Beijing has dropped the need for tests to ride the subway and both of the city’s airports no longer require people to test to enter the terminal, state media reported on Tuesday.

Further loosening of rules imminent

There was no indication of changes to rules requiring passengers to show negative tests prior to boarding.

But further loosening beckons after a string of protests last month that marked the biggest show of public discontent in mainland China since President Xi Jinping took power in 2012.

China may announce 10 new national easing measures as early as Wednesday, two sources with knowledge of the matter told Reuters.

The prospect of further relaxation of the rules has sparked optimism among investors that the world’s second-biggest economy would regather strength and help to boost global growth.

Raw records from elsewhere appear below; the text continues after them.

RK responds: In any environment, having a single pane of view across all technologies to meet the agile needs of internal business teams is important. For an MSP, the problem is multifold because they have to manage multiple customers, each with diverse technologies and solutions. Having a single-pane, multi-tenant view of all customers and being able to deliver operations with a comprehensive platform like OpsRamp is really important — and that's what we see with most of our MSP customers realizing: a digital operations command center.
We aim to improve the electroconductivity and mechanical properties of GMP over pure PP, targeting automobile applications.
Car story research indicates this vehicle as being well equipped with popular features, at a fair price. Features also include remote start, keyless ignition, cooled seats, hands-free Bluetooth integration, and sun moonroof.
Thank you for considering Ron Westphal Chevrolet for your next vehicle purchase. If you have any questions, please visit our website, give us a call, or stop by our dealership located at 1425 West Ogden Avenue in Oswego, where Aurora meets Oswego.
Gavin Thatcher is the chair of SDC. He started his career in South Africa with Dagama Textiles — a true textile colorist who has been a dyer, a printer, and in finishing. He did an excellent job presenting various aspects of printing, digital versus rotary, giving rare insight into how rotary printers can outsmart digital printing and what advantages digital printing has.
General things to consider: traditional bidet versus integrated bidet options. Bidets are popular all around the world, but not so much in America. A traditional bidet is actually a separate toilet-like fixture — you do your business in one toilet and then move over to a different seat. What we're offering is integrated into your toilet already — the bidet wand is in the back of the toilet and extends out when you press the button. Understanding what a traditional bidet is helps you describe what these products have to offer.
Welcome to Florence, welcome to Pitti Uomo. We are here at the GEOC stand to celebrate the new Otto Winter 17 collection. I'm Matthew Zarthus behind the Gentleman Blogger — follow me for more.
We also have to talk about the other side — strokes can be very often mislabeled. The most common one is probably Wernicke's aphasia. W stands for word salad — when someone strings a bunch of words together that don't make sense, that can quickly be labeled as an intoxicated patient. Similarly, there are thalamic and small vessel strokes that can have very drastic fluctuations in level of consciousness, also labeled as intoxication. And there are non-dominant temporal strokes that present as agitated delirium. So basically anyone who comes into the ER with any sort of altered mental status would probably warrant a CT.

The Chinese yuan has risen about 5.0 per cent against the dollar since early November on expectations of an eventual reopening of China’s economy.

People slow to react to changes

But on the ground, many people have been slow to adapt to the changing rules.

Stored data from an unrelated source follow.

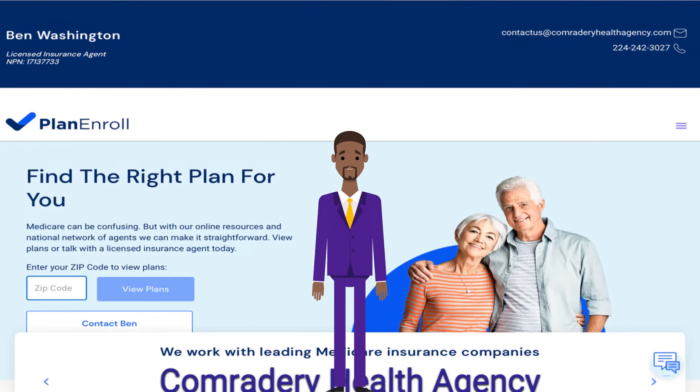At Comrade Health Agency, we know that Medicare can be confusing. That is why we utilize learning tools like Plan and Roll, which give online resources to learn about your plan for Medicare. We give you access to a licensed broker that can make it straightforward.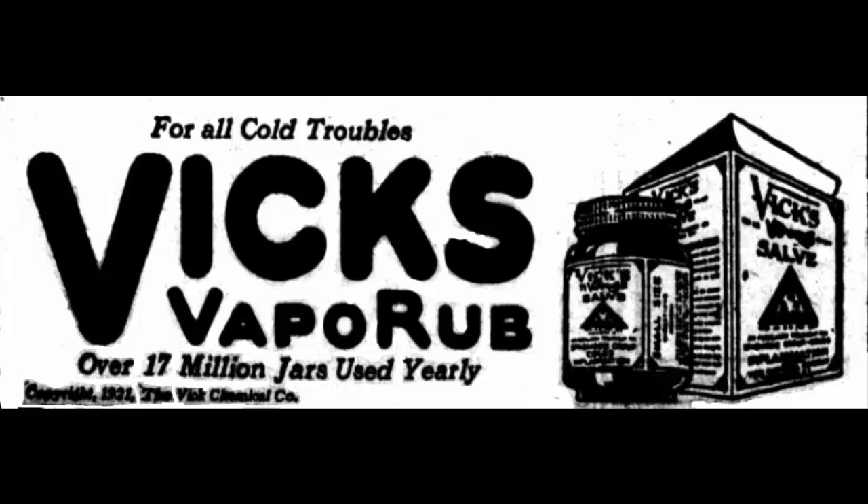8. Diminishes Stretch Marks. Try using Vicks VapoRub to lighten stretch marks. Because of its menthol and eucalyptus oil, Vicks can naturally help fade stretch marks. The cedar leaf oil, petrolatum, camphor, and turpentine oil help lessen skin dryness that makes stretch marks stand out. Also, it has the anti-inflammatory properties of eucalyptus, which lightens stretch marks and other small scars.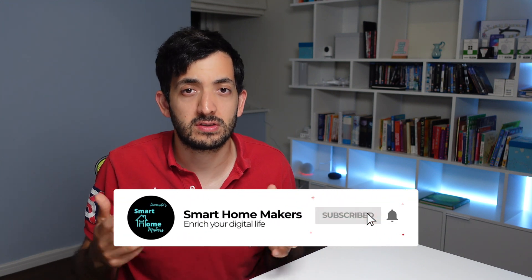If you guys want me to make any video in the future about any one of these new integrations, then just let me know in the comment section down below. Now let's roll the intro.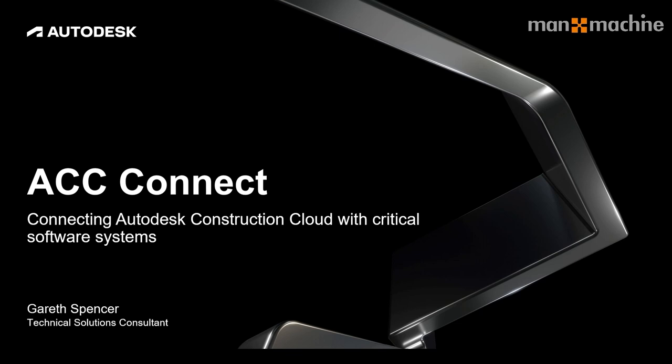Hi there, my name is Gareth Spencer. I'm a technical consultant for Man & Machine. I work across the AEC space covering a number of areas. My primary focus is looking at pre and post sales support, going through the solutions that you may require, looking at your business needs and focusing on the solutions that will help you move forward. I also ensure you've got the right skills, knowledge, training and support.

Commuter traffic in major cities such as Beijing and Chongqing has remained at a fraction of normal levels.

Some people remain wary of catching the virus, especially the elderly, while there is concern about the strain the loosening could put on China’s fragile health system.

China had reported 5235 COVID-19-related deaths as of Monday but some experts have warned that toll could rise to more than one million if the exit is too hasty.

Analysts at Nomura estimate areas now under lockdown represent about 19.3 per cent of China’s total GDP, equivalent to the size of India’s economy but down from 25.1 per cent last Monday.

This marks the first decline in Nomura’s closely watched China COVID lockdown index since the start of October.

Officials play down dangers of virus

Officials continue to play down the dangers posed by the virus, bringing China closer to what other countries have been saying for more than a year as they dropped restrictions and opted to live with the virus.

Tong Zhaohui, director of the Beijing Institute of Respiratory Diseases, said on Monday the latest Omicron variant of the disease had caused fewer cases of severe illness than the 2009 global influenza outbreak, according to Chinese state television.

China’s management of the disease may be downgraded as soon as January, to the less strict Category B from the current top-level Category A of infectious disease, Reuters reported on Monday.

“The most difficult period has passed,” the official Xinhua news agency said in a commentary published late on Monday, citing the weakening pathogenicity of the virus and efforts to vaccinate 90 per cent of the population.

Analysts now predict China may reopen the economy and drop border controls sooner than expected next year.